Every year, the Program organizes the Public Interest Law Colloquium, which brings together advocates, scholars, and students from across the country for a two day discussion. The Sixteenth Annual Liman Colloquium, Navigating Boundaries: Immigration and Criminal Law, took place on April 4-5, 2013. Attached are the background readings from each session.
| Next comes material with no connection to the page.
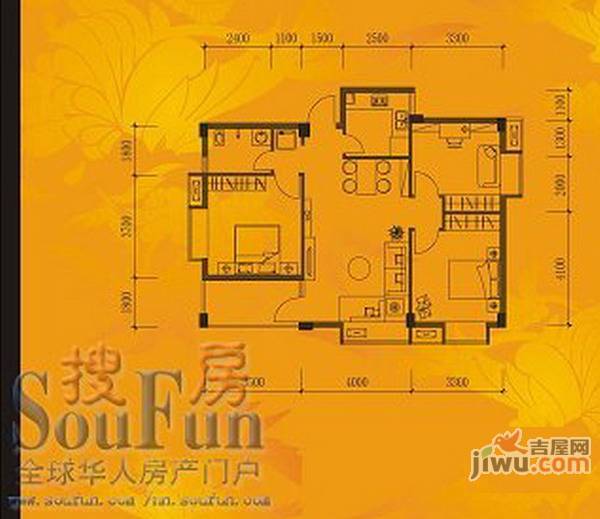 橘子郡3室2厅2卫116㎡户型图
Session I - Profiling and Enforcement
Session II - Accessing Counsel and Courts
Session III - Detention, Households, and Community
Session IV - Migrants and Defendants: 30 Years of Rights Claims
Family Law Handbook
A new publication from the Liman Program's Women, Incarceration & Family Law Project
This handbook addresses custody, child support modification, interactions with foster care agencies, termination of parental rights, and other issues of critical importance to incarcerated parents. It is our hope that this handbook may provide useful information not only to incarcerated parents, but also to legal counsel and other professionals whose work may intersect with the parental status of incarcerated individuals.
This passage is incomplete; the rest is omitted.